As promised/threatened, I’m digging into the archives. I originally posted this about 4 years ago, not surprisingly in the run-up to a general election. The mood seemed a bit more fired up then than it does now, but my opinion on this topic remains the same.
Like the ironically same-named Clinton-era initiative, and President Bush’s recent and loud gyrations on ”Healthy Marriages” (brace yourself - it’s Heritage Foundation, so the political aroma is pretty strong), I’m all for marriage as a integral part of our society. I haven’t scrutinized President Bush’s plan in detail, but it seems that much of what I’ve seen really doesn’t apply to me. My one comment: what he considers a defense of marriage comes across to me as little more than an entrenchment of the status quo and a shut-out of a significant portion of the population for no better reason than that they practice fully adult love in a manner that they (Bush et al) don’t happen to agree with. And don’t “Read yer bible, son” me. Exodus, Leviticus and Deuteronomy say a lot of things that we have no problem dismissing these days. Case in point: the apocryphal Letter to Dr. Laura.
I think what got me started on this was an article that Tony put up a while back to add to the general fun of the debate. At the risk, of appearing to pick on Tony, I’m going to have to take issue with his article. I like what I’ve read of Tony’s stuff. He has a lively take on things and it makes for a good read. I don’t agree with everything he says, but I think there’s enough commonality there that we could sit down over beers and come away from the experience none the worse for it. He did hit a small nerve with his article for a few reasons, though, which I’ll get into. Again, to re-iterate, I’m not picking on Tony specifically; he outlines a position I’ve heard to varying degrees in a number of places, though.
I think it’s safe to start from a fundamental difference of opinion that Tony and I appear to have. For lack of a better word, he appears to be no fan of the institution of marriage, while I on the other hand, am. Now where it gets fun, I think, is when folks who are pushing for a “traditional” definition of marriage to be codified into the constitution hear me say that and then turn around and say, How can that be? You think that gays should be allowed to marry!
Oh yes, with one small caveat: if that is their choice. The option should be there for them. That’s what I believe.

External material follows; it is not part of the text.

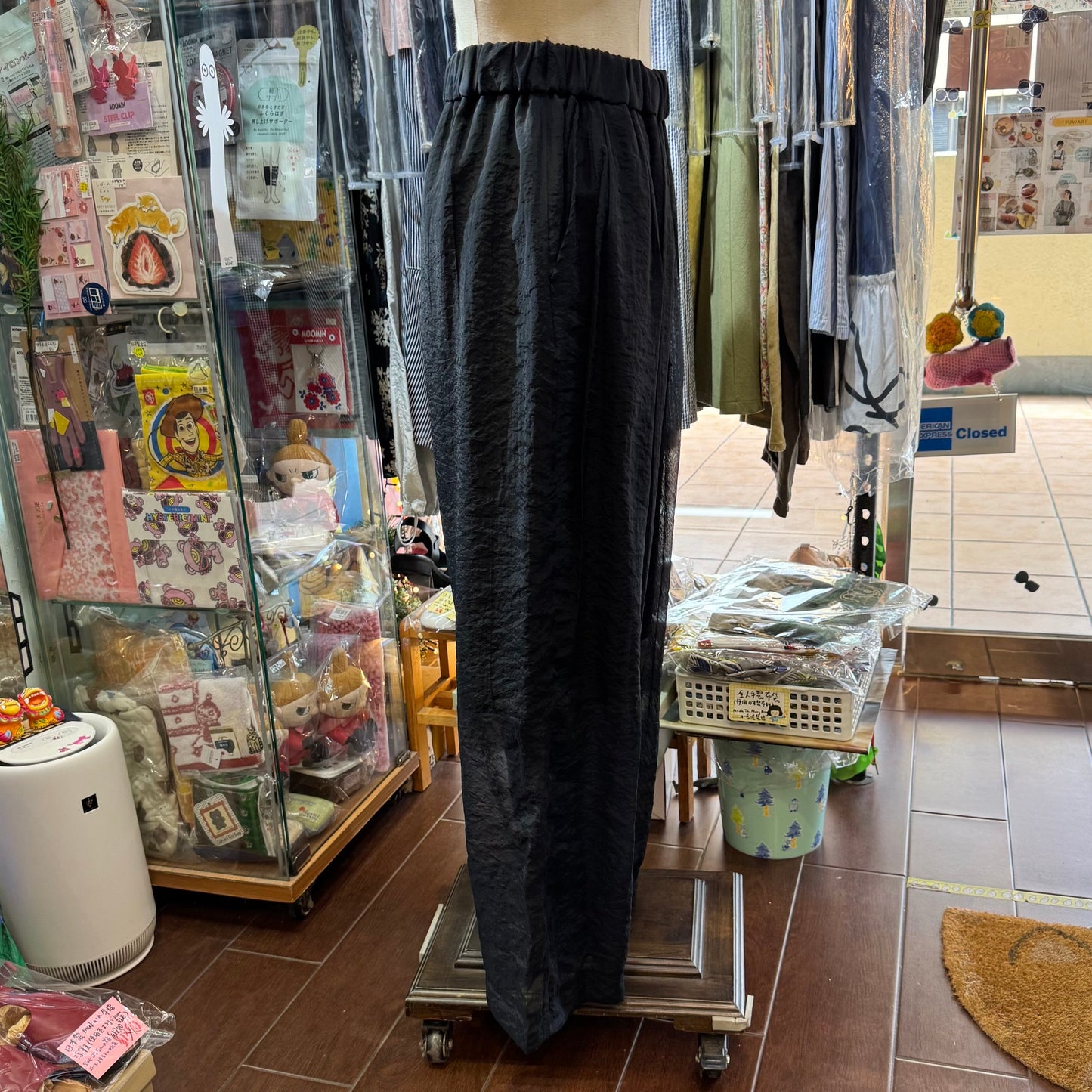 Iki Cupra Nylon Organza Tapered Black Pants, made in Japan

The assumption underlying the outcry against allowing gays to marry is that they will somehow destroy the institution of marriage; that “letting them in” somehow diminishes the relationship that I have with my wife. On that point, I disagree. If anything, I could see a potential benefit to opening the gate as a way of goading the status quo and fostering a new examination of marriage as an institution.
Is marriage a picnic? Dopey even to ask the question, no, of course not, not always. Does a 50% divorce rate suggest that we shuck the whole thing? A debatable assertion, maybe, but given how little effort the typical couple puts toward tending to their marriage, it’s actually surprising that the number is that low. Do I think that allowing gays to marry will have some profound impact on the institution of marriage? Possibly, yes, but that in and of itself is no reason to throw up the barricades. It’s here where I can see Tony and me coming toward each other when he makes the statement that there’s the opportunity for defining a new paradigm for relationships. Marriage, as an “institution,” has been around for a long while and has weathered many fashions and crises. Like all social institutions, though, the odd bit of revolution usually ends up making it stronger. If nothing else, it makes us question our assumptions, and generally, I regard that as a good thing.
It’s an intriguing idea, that gay and lesbian relationships could present a different way of thinking about marriage, offering some new ideas and, shock of shocks, models for dealing with our mates. When I see the froth that folks get into trying to “beat back the heathen hordes,” I have to admit wondering if the institution is really all it’s cracked up to be. Sort of an echo of that old Groucho Marx joke about not wanting to belong to any club that would have me as a member, only it’s not wanting to be part of an institution that engages in such ugly behaviour in the name of self-preservation. The question becomes what exactly is it preserving? And why? Of course, for me these are rhetorical questions. Just because I don’t agree with what a bunch of closed-off zealots are trying to do “in the name of marriage,” that doesn’t mean I’m going to stop being married myself. In much the same way that I’ve asked how allowing gays to marry in any way affects my relationship with my wife, the same could be asked of the actions of these folks. I’m sure they believe in what they’re doing, but I’ve yet to hear any real reason that sways me.
I realize that there are significant portions of the African-American population who shy away from the comparison, if not oppose it outright, but I think there are some striking parallels between the civil rights struggles of the 50s and 60s and the struggles that gays are engaged in to be allowed to marry. And like those times, there’s a choice for those of us in the majority. The status quo, and its defence, depend on the exclusion of a group of people who are responsible members of our community, or at least no less responsible than sizeable portions of our community who are married, and pose no threat to us, except that they point up a difference in an area of our lives that frankly makes a lot of people uncomfortable. For me, this is a matter of principle and doing what’s right. President Bush thinks letting gays marry will destroy the institution of marriage and with it the fabric of society. I say it won’t. What’s needed is a bit of faith.